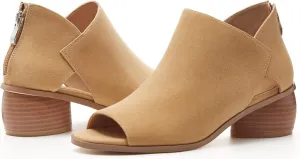 LAICIGO Womens Heeled Sandals Peep Toe Ankle Boots Chunky Heels V Cut Back Zipper Mid Heel Faux Suede Dress Pumps Shoes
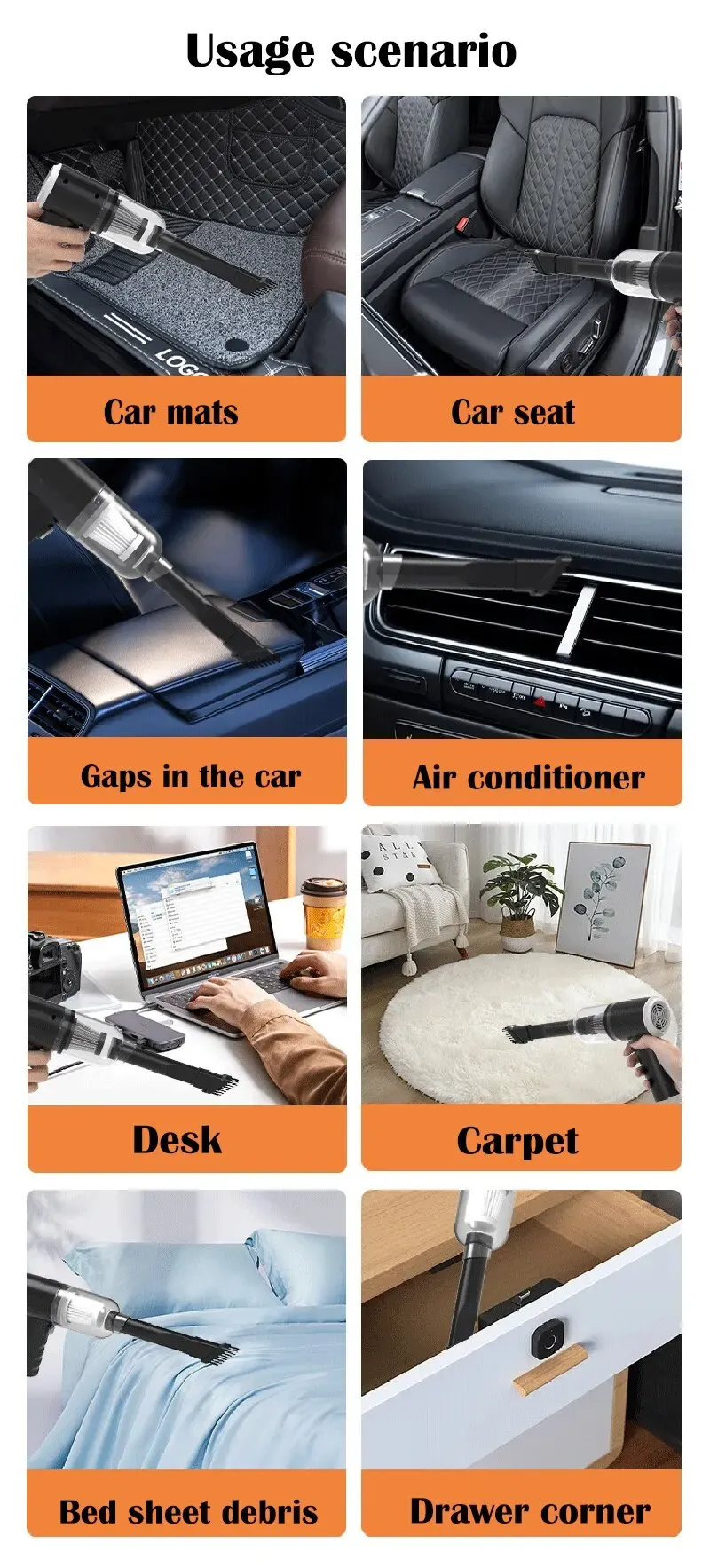 Aspirateur de voiture sans fil, nettoyage de voiture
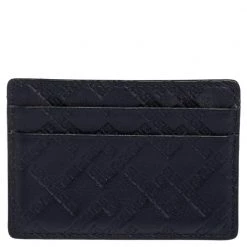 Versace Navy Blue Embossed Signature Leather Card Holder For Men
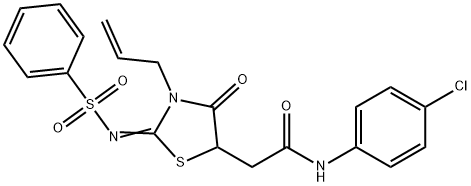 2-{3-allyl-4-oxo-2-[(phenylsulfonyl)imino]-1,3-thiazolidin-5-yl}-N-(4-chlorophenyl)acetamide Struktur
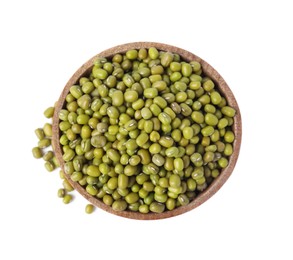 Photo of Wooden bowl with green mung beans isolated on white, top view. Organic grains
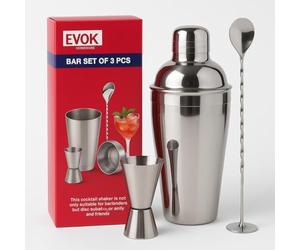 EVOKK Cocktail Shaker Set, 3 Pcs Satinless Steel Cocktail Making Set with 750 ml Shaker, Double Jigger 25 & 50 ml & 27.5cm Mixing Spoon, Baternder Cocktail Kit for Home, Christmas & Party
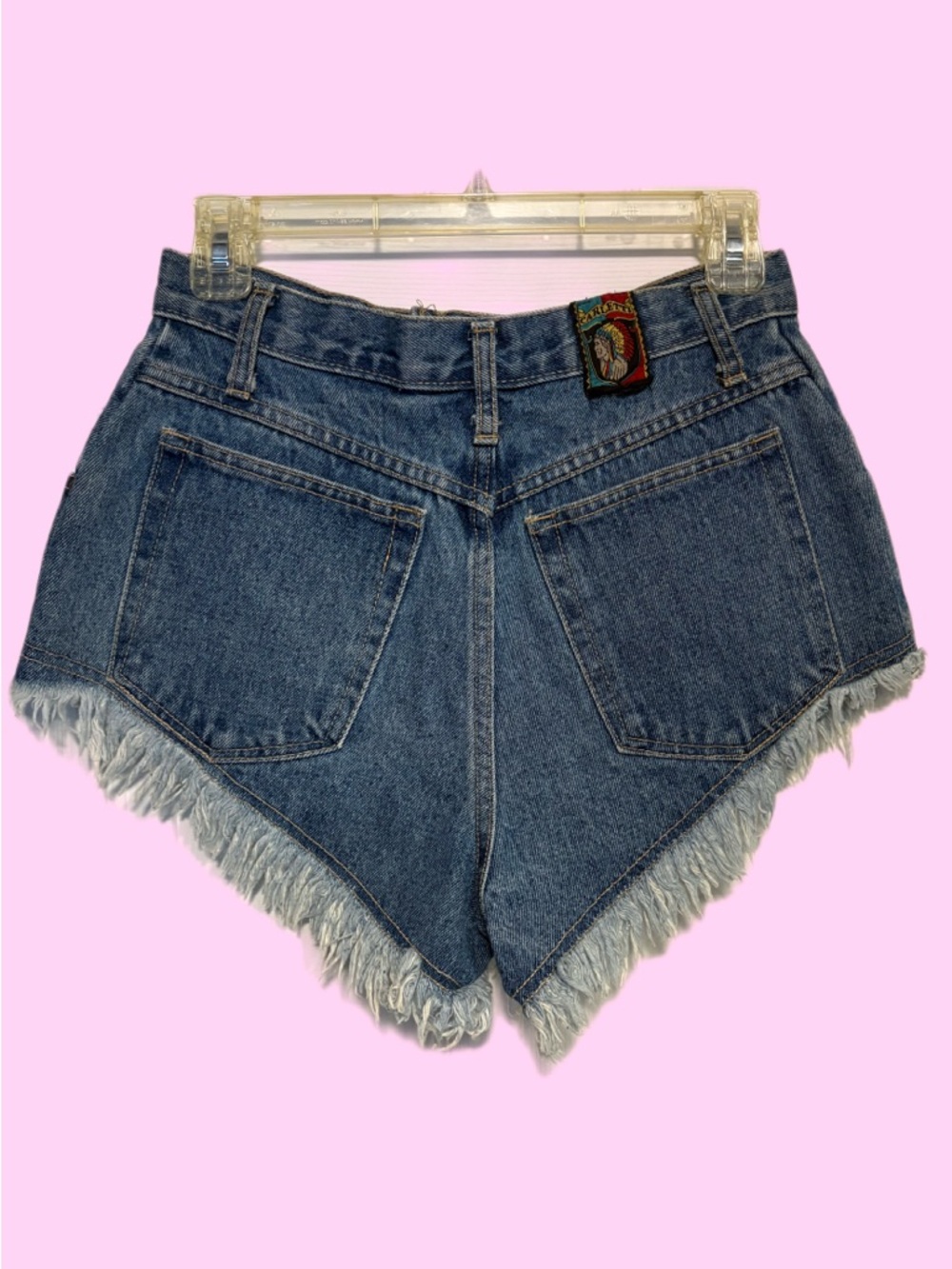 Vintage Carletti High-Waist Studded Denim Shorts - Blue - Picture 2 of 5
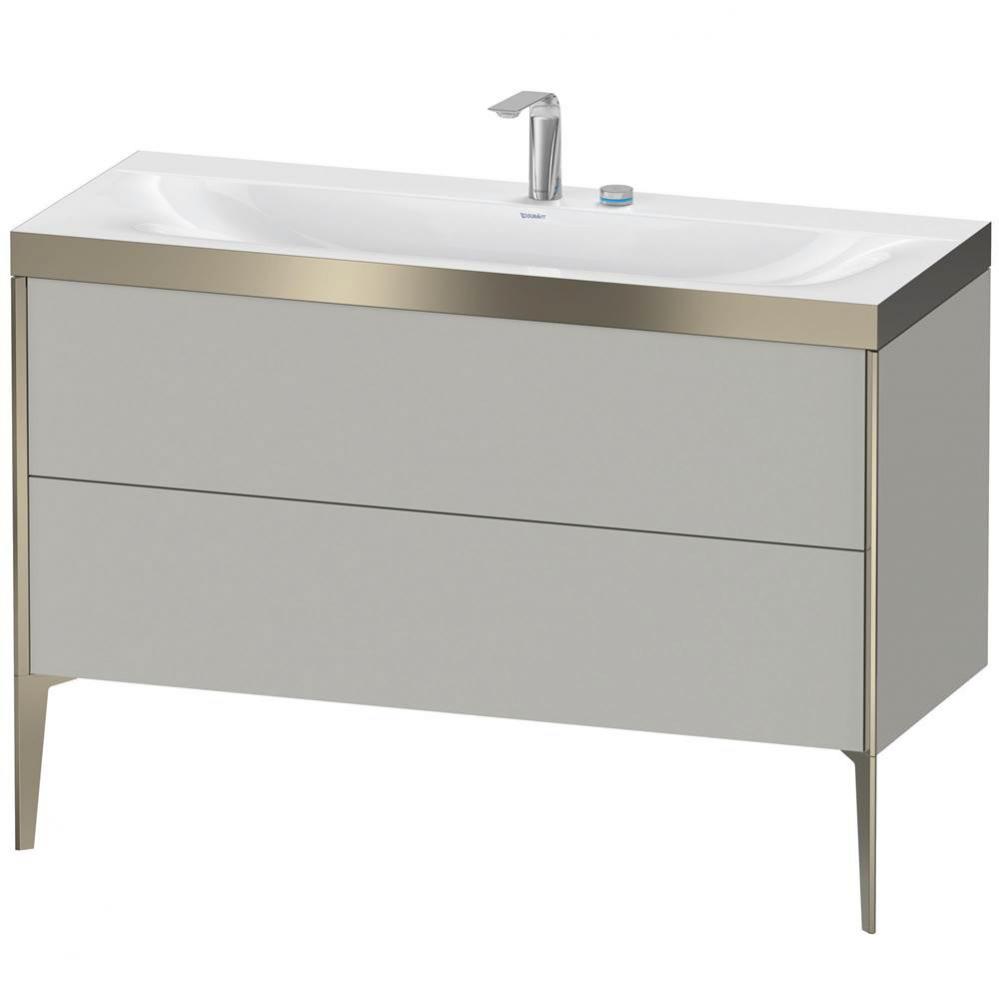 Duravit XViu Two Drawer C-Bonded Floorstanding Vanity Kit Concrete Gray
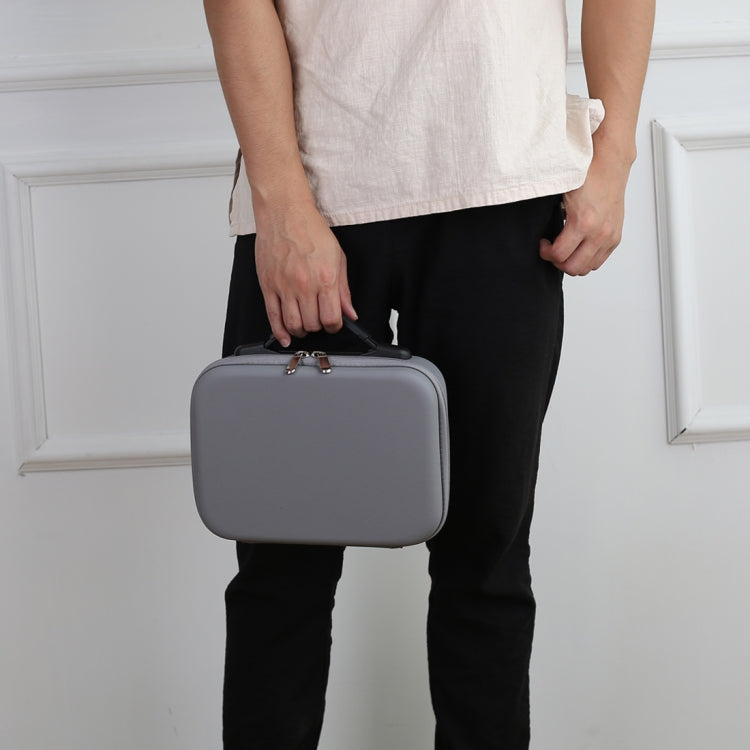 Bolsa de almacenamiento de caja protectora de seguridad portátil de PU a prueba de golpes con textura de diamante para DJI Osmo Mobile 4, Grey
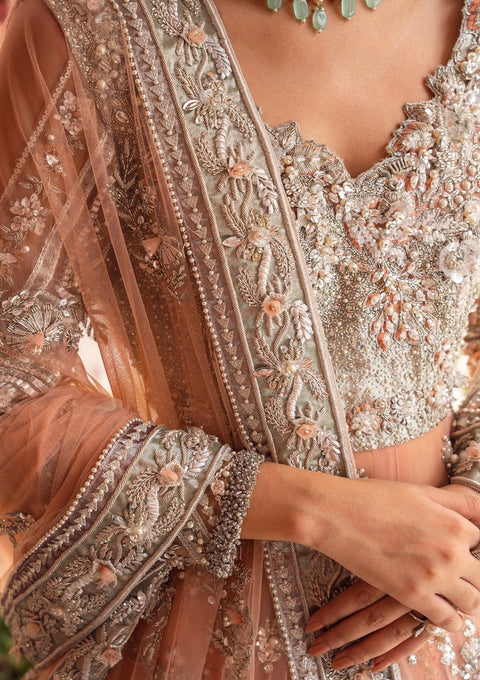 Bridal Wedding Dress Peach Pink Lehenga Frock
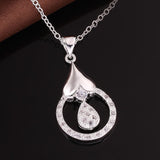 Sterling Silver Plated Necklace Pendant Drop Zirconia 18 Inches 1MM Lobster B53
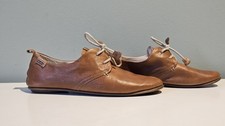 Pikolinos CALABRIA Womens Size EU 37 Tan Brown Leather Shoes Laced Flats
● ● ● ●
## Task directions
What you return should be the whole listing, word for word, without its pictures.

## Task answer
 LAICIGO Womens Heeled Sandals Peep Toe Ankle Boots Chunky Heels V Cut Back Zipper Mid Heel Faux Suede Dress Pumps Shoes
 Aspirateur de voiture sans fil, nettoyage de voiture
 Versace Navy Blue Embossed Signature Leather Card Holder For Men
 2-{3-allyl-4-oxo-2-[(phenylsulfonyl)imino]-1,3-thiazolidin-5-yl}-N-(4-chlorophenyl)acetamide Struktur
 Photo of Wooden bowl with green mung beans isolated on white, top view. Organic grains
 EVOKK Cocktail Shaker Set, 3 Pcs Satinless Steel Cocktail Making Set with 750 ml Shaker, Double Jigger 25 & 50 ml & 27.5cm Mixing Spoon, Baternder Cocktail Kit for Home, Christmas & Party
 Vintage Carletti High-Waist Studded Denim Shorts - Blue - Picture 2 of 5
 Duravit XViu Two Drawer C-Bonded Floorstanding Vanity Kit Concrete Gray
 Bolsa de almacenamiento de caja protectora de seguridad portátil de PU a prueba de golpes con textura de diamante para DJI Osmo Mobile 4, Grey
 Bridal Wedding Dress Peach Pink Lehenga Frock
 Sterling Silver Plated Necklace Pendant Drop Zirconia 18 Inches 1MM Lobster B53
 Pikolinos CALABRIA Womens Size EU 37 Tan Brown Leather Shoes Laced Flats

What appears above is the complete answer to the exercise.